Also: bleah. Today is the first day since my return where I didn't wake up feeling completely out of it. This is a good thing, as in addition to the demands of work, there's a giant stack of adoption paperwork waiting for me to read through, and Shelby is exceedingly eager for me to get started at filling out my half of it.

Posted by Kevin at August 11, 2006 02:26 PM

How odd. I know that in Philadelphia, Amtrak owns the tracks and SEPTA (local system) has to give way to Amtrak trains.

Glad you had a good time.

Posted by: J at August 11, 2006 02:51 PM

There are a few places (mostly in the Northeast, with the Boston-to-Washington Northeast Corridor being the best example) where Amtrak owns its own trackage.

In theory, Amtrak trains are always supposed to receive priority, even where Amtrak doesn't own the rails. In practice, that's usually not the case.

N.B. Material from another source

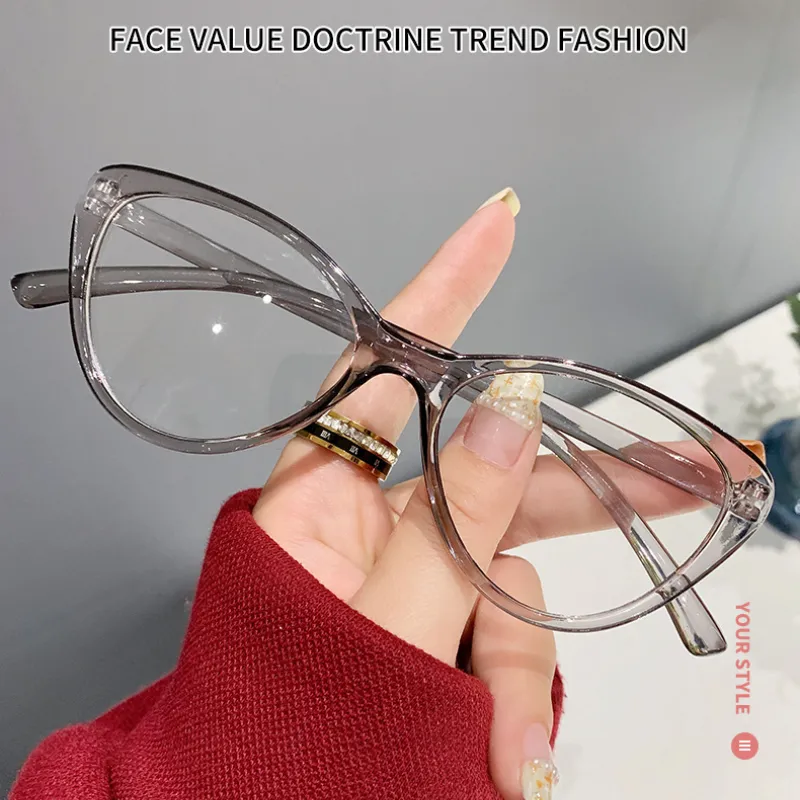 Anti Radiation Cat Eye Eyeglasses for Women Transparent Plastic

Posted by: Kevin at August 13, 2006 01:00 PM

I had the ultimate DB experience on Saturday. Write-up to follow soon.

Posted by: J at August 14, 2006 03:54 AM

i was in union station in LA on saturday and saw a group of boy scouts .. twas around..1pm.

that you?

Posted by: el s at August 15, 2006 10:22 AM

Nope, wasn't us. (We got off at Fullerton, on Tuesday morning -- it just took me a few days to get up the strength to return to blogging.) Might well have been some other group returning from their Philmont trek, though.